You can ignore this error message or install a Microsoft hotfix on the Windows machine. For details, see KB2171571.




Windows 8.1 / Windows Server 2012 R2: Error code 0x80090345 launching Windows Credential Manager

After installing the November 2014 update rollup (KB3000850) the following error is displayed:

Error code 0x80090345 launching Windows Credential Manager

To fix this problem:

  • Save the following content to a plain text file named samba_8_2012_fix.reg using a text editor such as "Notepad" or "Editor" (not Word/Wordpad/OpenOffice/LibreOffice/etc.):
Windows Registry Editor Version 5.00

[HKEY_LOCAL_MACHINE\SOFTWARE\Microsoft\Cryptography\Protect\Providers\df9d8cd0-1501-11d1-8c7a-00c04fc297eb]
"ProtectionPolicy"=dword:00000001
  • Log in using the local Administrator account.
  • Double-click the file to import it to the Windows registry.
  • Reboot to take the changes effect.



Windows 10



Windows 10 and Windows Server 2016: There Are Currently No Logon Servers Available to Service the Logon Request

After you successfully joined Windows 10 or Windows Server 2016 to your Samba NT4 domain, logging in failed and the following error is displayed:

There are currently no logon servers available to service the logon request.

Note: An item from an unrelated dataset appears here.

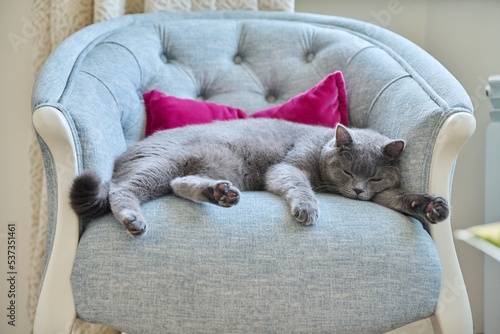 Relaxed lazy funny gray british cat lying sleeping on velvet chair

To work around this problem, configure the Samba Primary Domain Controller (PDC) to support only the SMB 1 protocol. However, Microsoft deprecated the SMB 1 protocol in Windows and will remove the protocol in a future version. Windows 10 and Windows Server 2016 Fall Creators Update 1709 and later do no longer install SMB 1 by default. For details, see SMBv1 is not installed by default in Windows 10 Fall Creators Update and Windows Server, version 1709. Before you re-enable SMB 1 on Windows, the workaround described in this section will fail. For details about re-enabling SMB 1 on Windows, see your Windows documentation.

To configure the PDC to only support the SMB 1 protocol:

  • Set the following parameter in the [global] section in the smb.conf file:
server max protocol = NT1
  • Restart Samba.



Using Powershell

It has been reported by Alexandru Joni, that is possible to join Windows 10 to an NT4-style domain using Powershell:

Add a local computer to a domain using credentials

   Add-Computer -ComputerName Server01 -LocalCredential Server01\Admin01 -DomainName Domain02 -Credential Domain02\Admin02 -Restart –Force



IMPORTANT: Registry Changes That You Should Never Set!

If you changed these parameters, reset the values of both keys back to 1:

  • Save the following content to a plain text file named reset_RequireSignOrSeal_RequireStrongKey.reg using a text editor such as "Notepad" or "Editor" (not Word/Wordpad/OpenOffice/LibreOffice/etc.):
Windows Registry Editor Version 5.00

[HKEY_LOCAL_MACHINE\System\CCS\Services\Netlogon\Parameters]
"RequireSignOrSeal"=dword:00000001
"RequireStrongKey"=dword:00000001
  • Log in using the local "Administrator account.
  • Double-click the file to import it to the Windows registry.
  • Reboot to take the changes effect.